My lame answers to Basic Algorithms challenges on freeCodeCamp.
function reverseString(str) {
var a = str.split('');
a = a.reverse();
str = a.join('');
return str;
}
reverseString("hello");Maybe a little too drawn out for some, but it works!
function factorialize(num) {
if(num < 0) {
return -1;
}
else if (num == 0) {
return 1;
}
else {
return (num * factorialize(num - 1));
}
}
factorialize(5);The first time I found a reason to use recursion outside of a recursion exercise! That wasn't obvious to me at all, although it looks like most people realize right off it's part of the answer.
function palindrome(str) {
s = str.replace(/[\W_]/g, '').toLowerCase();
p = str.replace(/[\W_]/g, '').toLowerCase().split('').reverse().join('');
return s === p;
}
palindrome("eye");The big stumbling block for me was in failing to add the underscore character to the regex, as it is considered an alphanumeric (and therefore included among the characters that would be matched by "\w"). Of course the test data did include both strings with mixed case, numbers and underscores! My answer, once again, was more verbose than the official solution, but the verbosity helped me grok what was happening.
function findLongestWord(str) {
var a = str.split(' ');
var longest = 0;
for (var i = 0; i < a.length; i++){
if (a[i].length > longest){
longest = a[i].length;
}
}
return longest;
}
findLongestWord("The quick brown fox jumped over the lazy dog");Took me a long time to figure this one out, although I knew right from the beginning that I'd want to use a for loop. Read a lot of posts on stackoverflow.com, but most of them were beyond me. My initial solution used more variables to get the same result, but after looking at what others had done I "reduced" that :-)
function titleCase(str) {
var w = str.toLowerCase().split(' ');
for(var i = 0; i < w.length; i++) {
var l = w[i].split('');
l[0] = l[0].toUpperCase();
w[i] = l.join('');
}
return w.join(' ');
}
console.log(titleCase("I'm a little tea pot"));Right off I knew this would require treating the string as an array and then somehow looping through each word before joining them all together again. A lot of the solutions I found seemed cumbersome to me. I found the basis for the above in this post. I especially liked the second version that employed different variables for words and letters, as it made what was happening clearer to me.

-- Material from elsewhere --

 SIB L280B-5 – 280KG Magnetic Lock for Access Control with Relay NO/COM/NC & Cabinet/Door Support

// Return array of the largest numbers in each of 4 subarrays
function largestOfFour(arr) {
var ans = [];
for(var i=0; i < arr.length; i++) {
var lg = 0;
for(var s=0; s < arr[i].length; s++) {
if(arr[i][s] > l) {
lg = arr[i][s];
}
}
ans.push(lg);
}
return ans;
}
var r = largestOfFour([[4, 5, 1, 3], [13, 27, 18, 26], [32, 35, 37, 39], [1000, 1001, 857, 1]]);
console.log(r);I really had no clue how to tackle this. Fortunately others on the Internet did. The answer by the OP in this post made the most sense to me, in that I could follow its logic. Guess this was the moment when knowing how to address a subarray saves someone's life.

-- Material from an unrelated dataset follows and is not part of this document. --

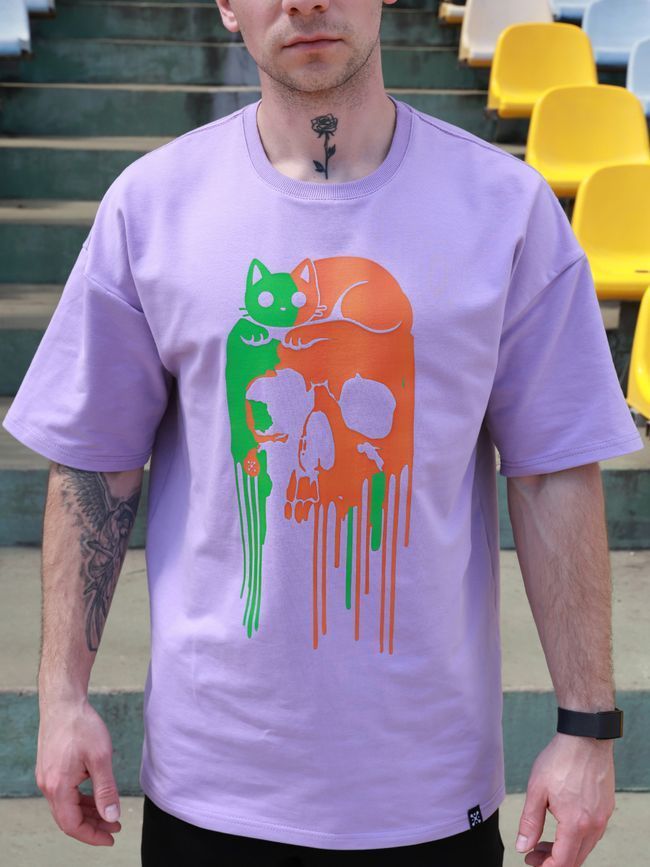 Футболка мужская оверсайз &ldquo;Cat x Skull&rdquo;, Ліла, XS-S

function confirmEnding(str, target) {
var n = target.length;
return str.substr(-n) === target;
}
console.log(confirmEnding("Bastian", "n"));The task is to check to see if the end of a string matches the string specified as the target. This goes beyond merely matching the last character in a string, which could be done using a simple "substr(str, -1)". In ES6 there is an endsWith() function, but in this challenge they wanted you to use substr or substring.
function repeatStringNumTimes(str, num) {
// repeat after me
for(var i = num; i > 0; i--) {
console.log(str);
}
}
repeatStringNumTimes("abc", 3);
I like how freeCodeCamp will accept solutions that might not be the most elegant, as long as the work. But that makes it even more important to study the official answers and their alternatives. Most of us learn to read by.... reading. The same holds true for learning to code, I think.